2010 Oct, Roko Tevita Uluilakeb Mara, the commander of Fiji’s biggest regiment, was suspended and soon fled to Tonga. Mara was the youngest son of founding father Ratu Sir Kamisese Mara. From Tonga he denounced the Fiji government and called for regime change.
(Econ, 5/21/11, p.43)
2011 Feb 7, Fiji’s former President Ratu Josefa Iloilo (91) died. The tribal chief served as president from 2000 to 2009 and backed the 2006 military takeover of the country.
2012 Jan 6, Fiji’s government stepped back from a promise of a more open society, imposing new controls on public order just a day before it was supposed to lift more than two years of emergency rule.
2012 Jan 7, Fiji’s military rulers officially lifted a state of martial law in place since 2009.
(SSFC, 1/8/12, p.A6)
2012 Mar 9, Kiribati President Anote Tong said that his Cabinet this week endorsed a plan to buy nearly 6,000 acres on Fiji’s main island, Viti Levu. He said the fertile land, being sold by a church group for about $9.6 million, could provide an insurance policy for Kiribati’s entire population of 103,000, though he hopes it will never be necessary for everyone to leave.

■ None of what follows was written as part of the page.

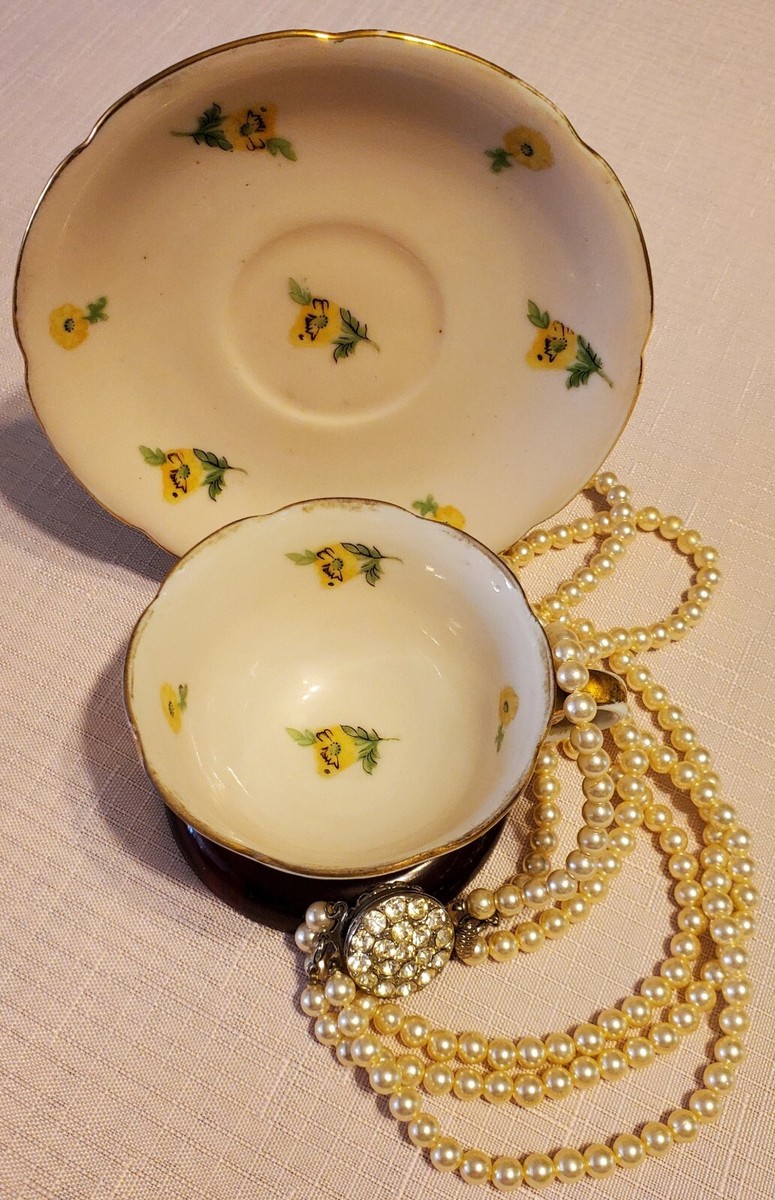 チャティーレトロ Vintage Chintz Tea Cup and Saucer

2012 Mar 14, Fiji’s military commander Frank Bainimarama disbanded the Great Council of Chiefs, a leadership tradition on the Pacific island nation since 1875.
2012 Mar 28, Fiji’s military regime said it had seized control of national carrier Air Pacific from Australia’s Qantas because it did not want foreigners to own or control Fijian airlines.
2012 Aug 3, Fiji’s former PM Laisenia Qarase (71) was sentenced to one year in prison on corruption charges. Qarase was ousted in a 2006 coup.
(SFC, 8/4/12, p.A2)
2012 Dec, A report by the Fiji Constitutional Committee (FCC), appointed last July, was completed but promptly suppressed by security forces.
(Econ, 3/30/13, p.41)
2013 Nov 7, China’s Vice Premier Wang Yang said China will provide a concessionary loan of up to $1 billion to Pacific island nations to support construction projects in a part of the world where Beijing and Taiwan compete for influence. He made the announcement at a forum with Pacific island nations in Guangzhou at a meeting attended by representatives from Micronesia, Samoa, Papua New Guinea, Vanuatu, the Cook Islands, Tonga, Niue and Fiji.